▸ **To do**
Everything in the data below except the pictures must be repeated word for word.

▸ **Stored data**
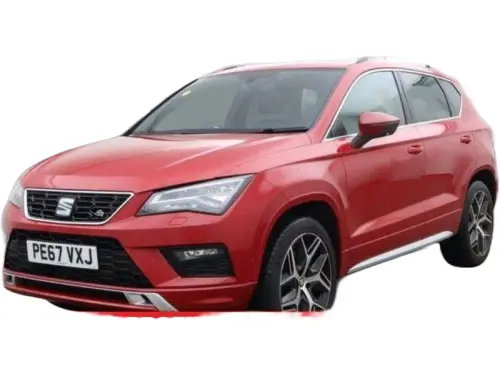 SEAT Ateca PE67 VXJ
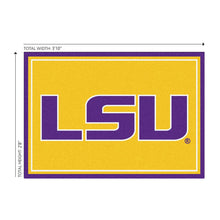 Load image into Gallery viewer, LSU Tigers Tide 3x4 Area Rug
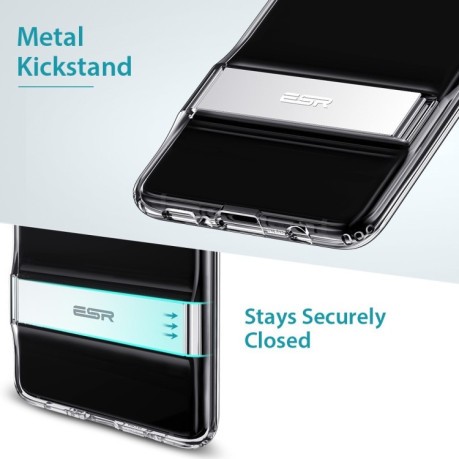 Силіконовий чохол з підставкою ESR Urbansoda Simplace Series Samsung Galaxy S10+/Plus-прозорий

▸ **Expected output**
 SEAT Ateca PE67 VXJ
 Load image into Gallery viewer, LSU Tigers Tide 3x4 Area Rug
 Силіконовий чохол з підставкою ESR Urbansoda Simplace Series Samsung Galaxy S10+/Plus-прозорий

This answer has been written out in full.